Automating Deployment Pipelines in Azure Data Factory

By: Divita Narang; Financial Consumer Agency of Canada

Introduction

Continuous Integration and Continuous Development (CI/CD) are essential practices in modern software and data engineering that streamline development and delivery through automation. These methodologies play a key role in achieving technical maturity and scaling projects from Proof of Concepts (POC) to production environments.

When applied to the Azure ecosystem with Azure Data Factory (ADF) and Azure DevOps (or a preferred toolkit/cloud provider), CI/CD allows teams to automate the deployment of data pipelines, datasets, data variables, and related resources. This ensures faster updates, version control, and consistent environments across the development lifecycle.

Azure Data Factory (ADF) is a managed cloud service designed for complex extract-transform-load (ETL), extract-load-transform (ELT), and data integration processes. It helps orchestrate data movement at scale using a vast array of built-in connectors and features while ensuring security with Microsoft Entra Groups integration. ADF is adept at serving enterprise needs, such as moving data from point A to point B while incorporating transformations such as: enforcing data types, formats and more. For example, it can ingest data from a front-end customer-facing application and integrate the data into a database.

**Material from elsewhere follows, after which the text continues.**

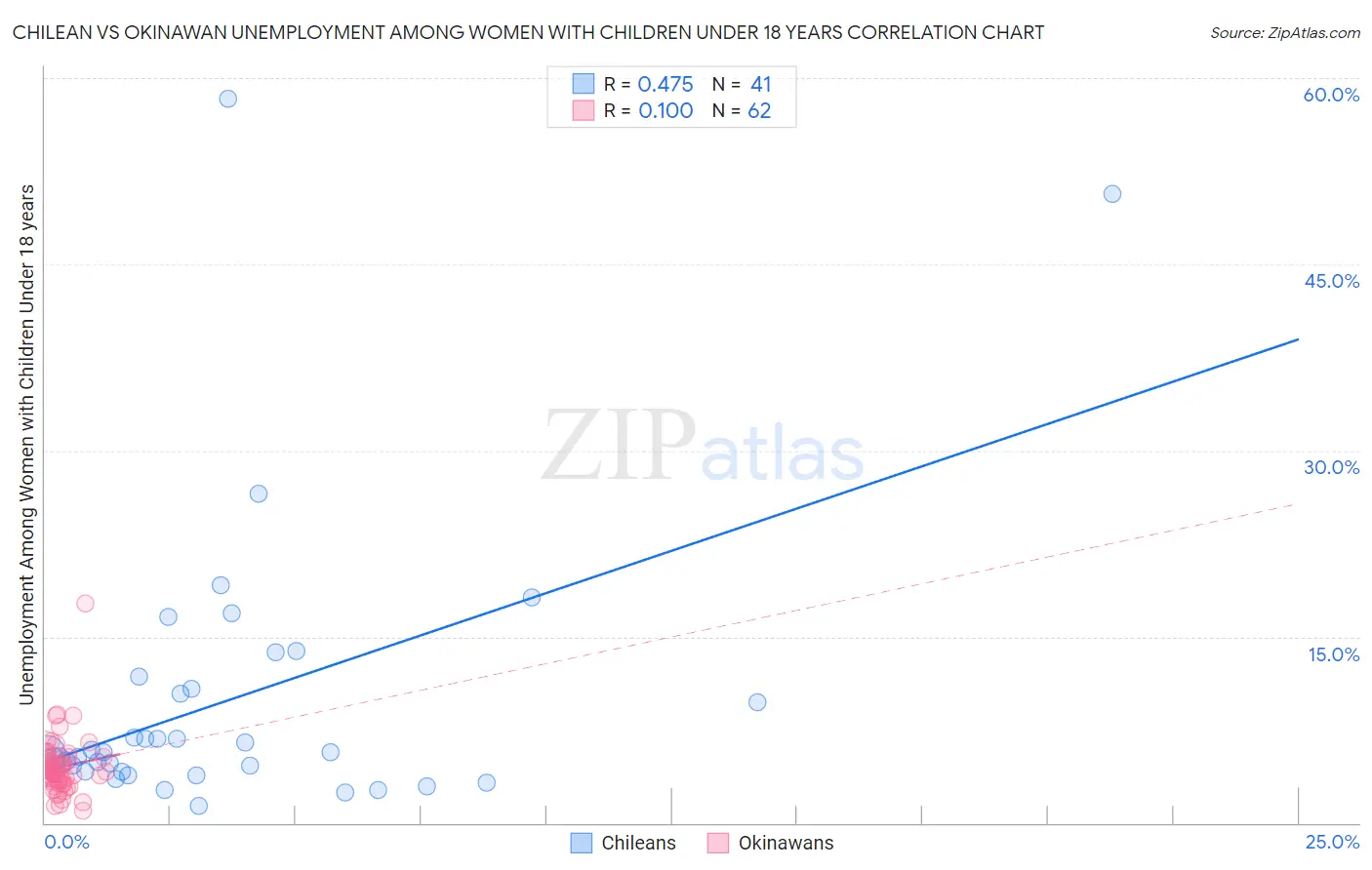 Chilean vs Okinawan Unemployment Among Women with Children Under 18 years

That database endpoint can then be utilized for various downstream use cases such as: reporting, analytics, machine learning, artificial intelligence etc.

Azure DevOps is Microsoft's comprehensive suite of tools for version control, automation, and project management. It can store Git repositories in Azure Repos and enable CI/CD using Azure Pipelines, which is used for deploying code projects. Azure Pipelines combines continuous integration, continuous testing, and continuous delivery to build, test, and deliver code to multiple destination environments.

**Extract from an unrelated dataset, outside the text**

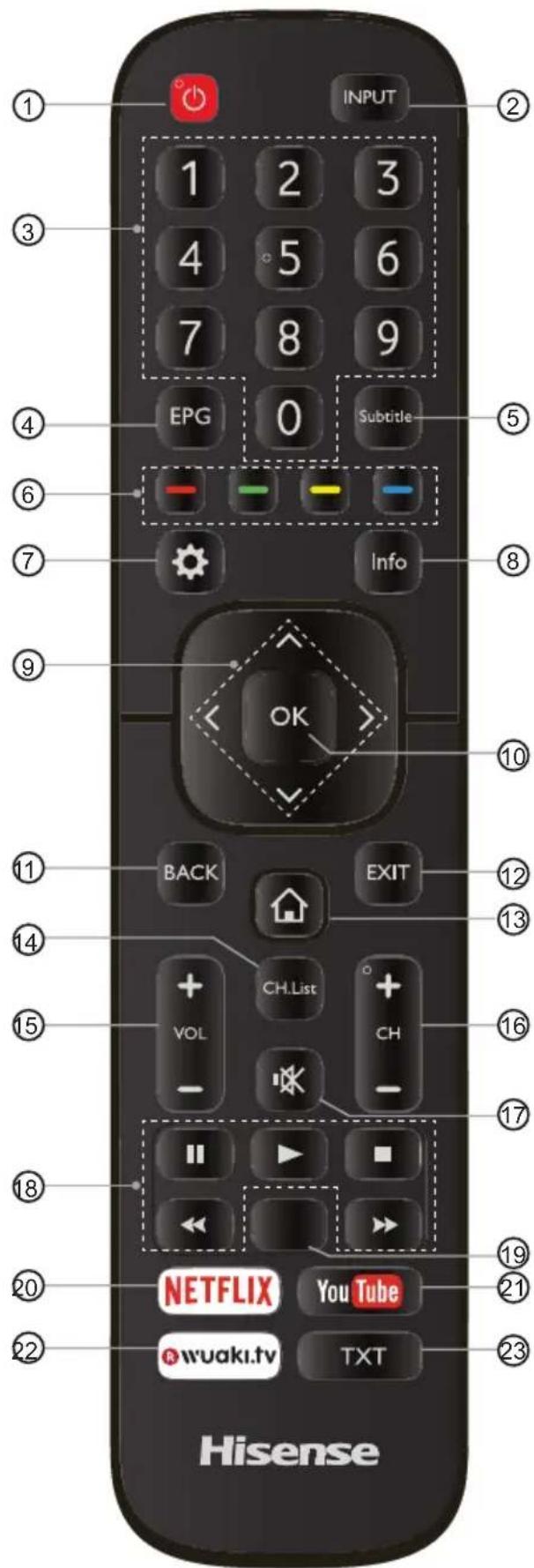 HISENSE H50N5305 - Fernbedienung - 1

At the Financial Consumer Agency of Canada (FCAC), we widely utilize Azure Data Factory and Azure Pipelines for managing the integration and deployment of data resources to and from endpoints such as Microsoft Dataverse, Microsoft Graph API, SQL Server databases, etc. As a growing data team, we are consistently exploring innovative approaches to tackle data engineering processes.
Recently, we addressed the challenge of automating deployment pipelines for Azure Data Factory (ADF). The manual processes involved in deployments were typically time-consuming, taking anywhere between 2-4 hours for a medium size code repository. Code could only be uploaded to the new environment manually or with PowerShell scripts, with each file taking up to a few minutes to upload. Additionally, the code had to be cleaned and prepared manually for the new environments. We anticipated that as the codebase grew within projects, the time required to perform these tasks would further increase. Please note that deployment times can vary significantly with codebase size and various factors suggested here.

Despite the automation efforts, it is worth noting that the manual processes can still be utilized as backup when team members are not available or when automated processes fail, and recovery is not possible in a short timeframe.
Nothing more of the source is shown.